La guerre ne s'arrête pas là ; les soldats vaincus sont certes parqués dans l'attente, mais les Allemands progressent toujours, encerclant
Paris le 19 septembre 1870. La reddition de Bazaine à Metz intervient le 27 octobre. Si, devant les revendications de Bismarck, le choix est d'abord fait par le gouvernement de Défense National de continuer la lutte en septembre, la situation devient intenable et deux camps s'affrontent : Thiers et l'Assemblée monarchique contre les insurgés.

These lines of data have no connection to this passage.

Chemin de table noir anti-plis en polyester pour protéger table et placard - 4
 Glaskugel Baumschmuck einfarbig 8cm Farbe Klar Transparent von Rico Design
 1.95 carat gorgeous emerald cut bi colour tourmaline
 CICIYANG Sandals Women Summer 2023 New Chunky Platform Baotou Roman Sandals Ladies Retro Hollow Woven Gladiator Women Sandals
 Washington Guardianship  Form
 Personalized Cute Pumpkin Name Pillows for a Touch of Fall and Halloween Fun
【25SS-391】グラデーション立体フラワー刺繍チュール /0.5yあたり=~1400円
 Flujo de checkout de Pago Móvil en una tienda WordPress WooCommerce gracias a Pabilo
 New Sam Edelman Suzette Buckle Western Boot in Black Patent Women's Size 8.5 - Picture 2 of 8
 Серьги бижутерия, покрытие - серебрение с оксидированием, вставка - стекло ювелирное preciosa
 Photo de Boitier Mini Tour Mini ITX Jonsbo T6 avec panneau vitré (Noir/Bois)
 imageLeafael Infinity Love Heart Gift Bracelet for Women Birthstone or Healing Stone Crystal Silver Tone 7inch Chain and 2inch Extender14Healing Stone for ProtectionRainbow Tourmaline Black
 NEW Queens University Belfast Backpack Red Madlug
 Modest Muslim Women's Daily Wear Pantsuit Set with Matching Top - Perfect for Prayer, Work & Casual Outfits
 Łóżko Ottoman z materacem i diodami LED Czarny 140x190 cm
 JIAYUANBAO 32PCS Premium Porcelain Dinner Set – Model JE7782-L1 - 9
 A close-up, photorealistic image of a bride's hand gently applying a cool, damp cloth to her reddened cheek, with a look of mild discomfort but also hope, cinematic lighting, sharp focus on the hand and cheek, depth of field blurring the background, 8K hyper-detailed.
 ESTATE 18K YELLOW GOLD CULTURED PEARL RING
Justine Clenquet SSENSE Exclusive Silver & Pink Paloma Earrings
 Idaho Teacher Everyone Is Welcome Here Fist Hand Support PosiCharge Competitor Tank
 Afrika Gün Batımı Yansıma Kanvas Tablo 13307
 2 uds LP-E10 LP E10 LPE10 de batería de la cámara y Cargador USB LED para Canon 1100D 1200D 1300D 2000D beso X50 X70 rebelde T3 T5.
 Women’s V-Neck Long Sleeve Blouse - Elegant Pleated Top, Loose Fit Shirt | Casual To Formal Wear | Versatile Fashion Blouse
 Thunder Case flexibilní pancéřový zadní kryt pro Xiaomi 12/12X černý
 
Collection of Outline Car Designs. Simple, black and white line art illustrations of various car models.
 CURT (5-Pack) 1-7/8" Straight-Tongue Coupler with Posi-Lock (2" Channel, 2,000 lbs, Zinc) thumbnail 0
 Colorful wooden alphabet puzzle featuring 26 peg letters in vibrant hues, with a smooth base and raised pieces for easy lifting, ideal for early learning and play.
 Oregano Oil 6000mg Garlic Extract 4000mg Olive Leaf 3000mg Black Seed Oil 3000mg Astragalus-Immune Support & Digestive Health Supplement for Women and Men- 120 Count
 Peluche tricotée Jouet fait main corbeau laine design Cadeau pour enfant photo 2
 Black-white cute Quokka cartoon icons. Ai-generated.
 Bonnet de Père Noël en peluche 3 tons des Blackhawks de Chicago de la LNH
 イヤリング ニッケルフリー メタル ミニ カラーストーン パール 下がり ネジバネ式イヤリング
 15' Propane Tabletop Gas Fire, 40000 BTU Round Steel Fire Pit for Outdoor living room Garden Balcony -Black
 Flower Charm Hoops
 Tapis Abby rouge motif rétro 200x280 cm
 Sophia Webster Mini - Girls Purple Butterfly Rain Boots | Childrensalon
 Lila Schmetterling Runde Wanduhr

Jean et Maurice se retrouvent ainsi à
Paris dans des camps opposés, l'action culminant durant la Semaine sanglante de la Commune.
Suivant le fil rouge de sa série Les Rougon-Macquart,
Zola illustre l'hérédité, la dégénérescence de la race. Toutefois, en établissant un lien entre tous les événements, il achève néanmoins l'histoire sur une note d'espoir. Pour paraphraser la quatrième de couverture, il « nous donne à comprendre que, sans doute, la défaite fut un mal nécessaire » .
La Débâcle a été pour moi une lecture des plus marquantes avec une mention spéciale pour la seconde partie, si forte et si empreinte de réalisme.